The following kinematic scheme should be solved to prove it wrong or right:

Antigravity force in powered precession gyroscope

Legend:

  1. The Flywheel is powered with some electric engine1, having rotation moment M1 and angular momentum L1.
  2. The free end of Flywheel axe goes on circle of the RAIL. The rotation of the precession movement is powered with some electric engine2, having rotation moment M2 and angular momentum L2 (I am not sure if it is fair that there is a stable angular momentum).
  3. The whole system has some weight (m), the gravity force acts as G

The question is the following: What are the conditions that this system works, creating the lifting force F acting opposite gravity force G.

Most probably I am wrong and there is no lifting force appearing in the task, however if there is a bit of truth at least, the mechanical gravity engine is feasible if this idea will be further developed.

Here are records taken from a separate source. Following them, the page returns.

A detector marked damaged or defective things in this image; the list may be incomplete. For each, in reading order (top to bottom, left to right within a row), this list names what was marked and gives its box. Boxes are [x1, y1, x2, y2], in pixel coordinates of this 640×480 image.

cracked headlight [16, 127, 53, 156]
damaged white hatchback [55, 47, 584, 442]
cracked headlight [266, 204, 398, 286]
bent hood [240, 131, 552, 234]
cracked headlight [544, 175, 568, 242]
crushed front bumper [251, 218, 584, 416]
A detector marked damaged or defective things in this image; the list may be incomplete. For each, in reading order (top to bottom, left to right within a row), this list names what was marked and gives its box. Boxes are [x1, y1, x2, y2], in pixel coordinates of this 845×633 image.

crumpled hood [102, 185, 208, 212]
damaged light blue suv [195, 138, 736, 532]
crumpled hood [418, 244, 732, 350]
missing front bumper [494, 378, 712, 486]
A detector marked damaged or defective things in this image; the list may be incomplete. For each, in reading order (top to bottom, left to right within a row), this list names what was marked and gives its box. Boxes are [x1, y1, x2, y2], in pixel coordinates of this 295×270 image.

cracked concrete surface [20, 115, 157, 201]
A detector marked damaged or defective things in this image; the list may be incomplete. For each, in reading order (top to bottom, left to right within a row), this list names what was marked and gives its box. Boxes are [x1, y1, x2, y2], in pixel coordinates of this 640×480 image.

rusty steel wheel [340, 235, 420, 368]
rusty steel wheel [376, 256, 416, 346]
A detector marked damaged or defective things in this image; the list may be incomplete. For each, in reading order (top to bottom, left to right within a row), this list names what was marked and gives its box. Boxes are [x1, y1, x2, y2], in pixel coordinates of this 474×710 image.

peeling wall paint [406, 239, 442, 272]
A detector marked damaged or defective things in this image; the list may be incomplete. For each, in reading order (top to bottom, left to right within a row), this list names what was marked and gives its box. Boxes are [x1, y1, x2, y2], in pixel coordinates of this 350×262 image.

Sincerely, Alexander Spacelifter

edited 12/04/2022: I have prepared the following rendering, which may better describe the topic:

Gyroscopic lifter scheme

edited 13/04/2022: I believe, that the forced rotation to increase angular speed of precession movement may create “some” force as proposed by many other people doing the research and experiments with gyroscopes. However, I watched a lot of video clips on YouTube, and did not find any experiment where the angular speed of forced precession movement is reaching or exceeding the angular speed of gyroscope rotation. Moreover, not a single video of experiment where the efficient motors will be in relevant balance with gyroscope flywheel(s) weight. I mean, if the power of motors, speed of rotation and weight of apparatus will not be balanced, even the aerodynamic apparatus, like quadcopters, are not flying. Certain conditions should met.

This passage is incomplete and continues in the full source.